Checking **missing** values

*Simple count and compare*

- It counts the total number of values that are not *null*. Therefore, you must compare it with the total number of rows to identify the missing values.

In [38]:
iris.summary("count").show()

+-------+------------+-----------+------------+-----------+-------+
|summary|sepal_length|sepal_width|petal_length|petal_width|species|
+-------+------------+-----------+------------+-----------+-------+
|  count|         150|        150|         150|        150|    150|
+-------+------------+-----------+------------+-----------+-------+



*Count the missing values*

- Create a function that receives a DataFrame and counts the missing values per column.
- The output shows the number of missing values.

In [39]:
def count_missing_values(df):
    df.select([F.count(F.when(F.isnull(c),c)).alias(c) for c in df.columns]).show()        
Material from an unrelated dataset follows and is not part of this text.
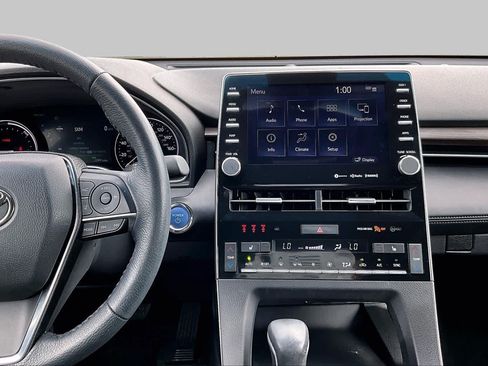 Used 2021 Toyota Avalon XLE w/ Moonroof Package FWD image 7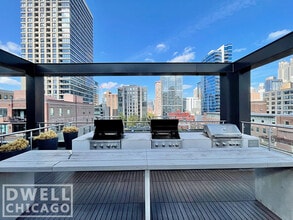 640 N La Salle Dr, Unit 304 in Chicago, IL - Foto de edificio - Building Photo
> Missing values on *Iris* DataFrame

In [40]:
count_missing_values(iris)

+------------+-----------+------------+-----------+-------+
|sepal_length|sepal_width|petal_length|petal_width|species|
+------------+-----------+------------+-----------+-------+
|           0|          0|           0|          0|      0|
+------------+-----------+------------+-----------+-------+



> Missing values on *People* DataFrame

In [70]:
from pyspark.sql import Row

# create people DataFrame with some missing values
r = [Row(name='John', country='USA', zip_code=89013),
     Row(name='Jane', country='Germany', zip_code=None),
     Row(name=None, country=None, zip_code=10133)]
people = spark.createDataFrame(r)

people.show()

+-------+----+--------+
|country|name|zip_code|
+-------+----+--------+
|    USA|John|   89013|
|Germany|Jane|    null|
|   null|null|   10133|
+-------+----+--------+



In [71]:
count_missing_values(people)

+-------+----+--------+
|country|name|zip_code|
+-------+----+--------+
|      1|   1|       1|
+-------+----+--------+



**Dealing** with missing values

*Fill in with a value*

- If you pass a number, it will be replaced only in numerical features. The same applies for Categorical features.

In [72]:
people.na.fill(80000).show()

+-------+----+--------+
|country|name|zip_code|
+-------+----+--------+
|    USA|John|   89013|
|Germany|Jane|   80000|
|   null|null|   10133|
+-------+----+--------+



> A **subset** of feature might be also passed.

In [73]:
people.na.fill("Jack", subset=["name"]).show()

+-------+----+--------+
|country|name|zip_code|
+-------+----+--------+
|    USA|John|   89013|
|Germany|Jane|    null|
|   null|Jack|   10133|
+-------+----+--------+



*Replace value*

In [74]:
people.na.replace(89013, 80000, subset=["zip_code"]).show()

+-------+----+--------+
|country|name|zip_code|
+-------+----+--------+
|    USA|John|   80000|
|Germany|Jane|    null|
|   null|null|   10133|
+-------+----+--------+



*Drop missing values*

In [75]:
people.na.drop().show()

+-------+----+--------+
|country|name|zip_code|
+-------+----+--------+
|    USA|John|   89013|
+-------+----+--------+



**drop() Parameters:**

- **how**: ‘any’ or ‘all’. If ‘any’, drop a row if it contains any nulls. If ‘all’, drop a row only if all its values are null.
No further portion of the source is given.